The idea is to create a network without central authority. With blockchains, I don’t have to trust that someone with sovereign authority will act on my behalf, for example that my principal bank will actually let me pay the electricity bill online. In the crypto world, there are no such central authorities. To ensure that transactions, e.g. the transfer of Bitcoins to another address, are nevertheless possible and are always legal, participants – the ‘miners’ – are given economic incentives in the Bitcoin network. They first check whether a desired transaction is legitimate, i.e. whether the sender has the funds in the first place and is not using them twice, i.e. is sending them to two recipients at the same time. Miners are rewarded for this work and fined otherwise; this is called the ‘consensus mechanism’, and there are different versions of this depending on the blockchain. All in all, miners act in their best interest and in my best interest at the same time, without the need for a supervisory authority – in other words, they act in a decentralised manner.
How have key players in the financial market reacted to this new principle to date?
Countries are trying to establish regulation.
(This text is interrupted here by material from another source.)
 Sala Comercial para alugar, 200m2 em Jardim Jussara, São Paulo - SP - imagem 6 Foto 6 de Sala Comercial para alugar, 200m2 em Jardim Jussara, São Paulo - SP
The EU is currently working on a new directive for crypto assets, and in India crypto assets are now taxed like other financial products. In China, crypto mining has been banned. As far as the financial industry is concerned, the central topic at the moment is so-called decentralised finance (DeFi). For example, people would like to process the trading of various assets, including conventional shares, but also the deposit/loan business on a blockchain basis. All of this is currently still in its infancy and is susceptible to errors, but it can already be offered at very favourable prices.
How can private individuals prepare themselves for a changing financial world? In your opinion, are people adequately financially literate?
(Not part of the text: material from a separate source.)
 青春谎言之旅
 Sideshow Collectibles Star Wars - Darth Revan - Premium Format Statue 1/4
The math is relatively simple: If I want a higher return, I have to take greater risks. With high inflation rates and low interest rates on savings, people are taking risks that they are often unable to gauge. There are many financial products that are much safer than cryptocurrencies when it comes to building up assets wisely. However, crypto projects could also be considered as an add-on.
Given that cryptocurrencies are now experiencing difficulties, couldn’t we just wait for prices to improve?
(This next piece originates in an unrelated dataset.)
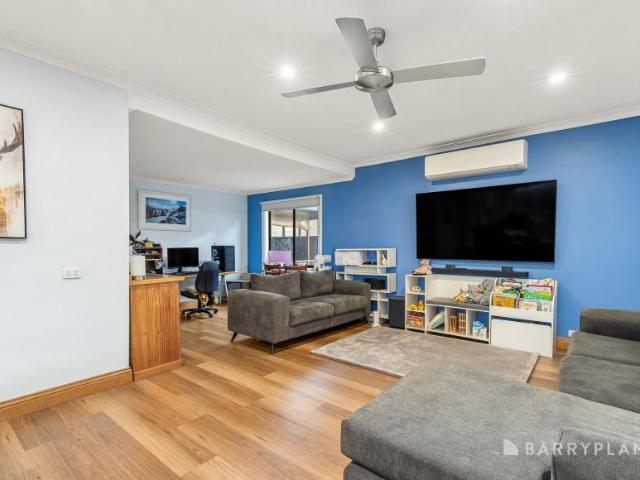 House for rent in Edithvale, Melbourne
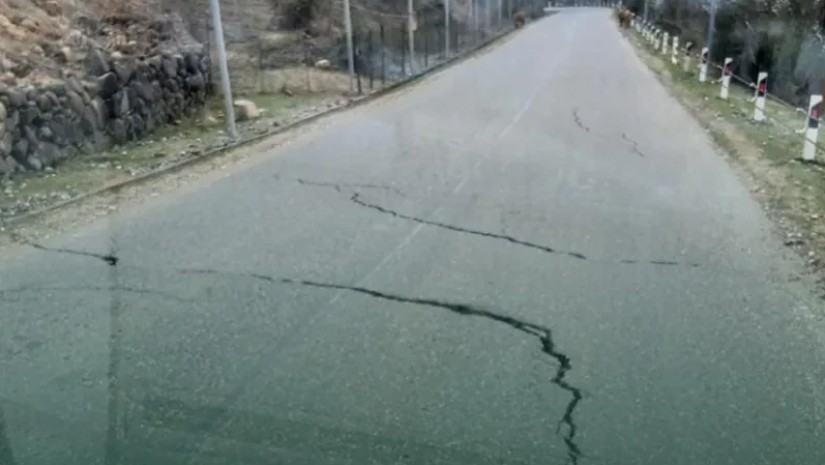 ოფურჩხეთი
If I invest in an Austrian ATX company that has been around for a long time, odds are that the company will still be doing well in ten or twenty years. I can’t say the same for cryptocurrencies. Trading via smartphone app doesn’t usually make you a millionaire either, although isolated cases do occur. Even if large providers such as Bitpanda only offer around 50 of the more ‘stable’ currencies of the approximately 15,000 different cryptocurrencies for trading, the following still holds true: trading is very risky. No one can offer recommendations and you have to be able to assess the risk yourself.
For ad astra: Romy Müller
Alexander Brauneis is an Associate Professor at the Department of Financial Management at the University of Klagenfurt. He will join Nottingham Business School as Professor for Finance and Innovation from November 2022. He will continue to be associated with the University of Klagenfurt as an external lecturer. He studied Business Administration at the University of Graz and was a member of the research staff at AAU from 2004. In 2014, he was awarded the venia docendi for the subject ‘General Business Administration’. His research interests include empirical and quantitative financial market research, applied econometrics, cryptocurrencies and the market microstructure of crypto markets.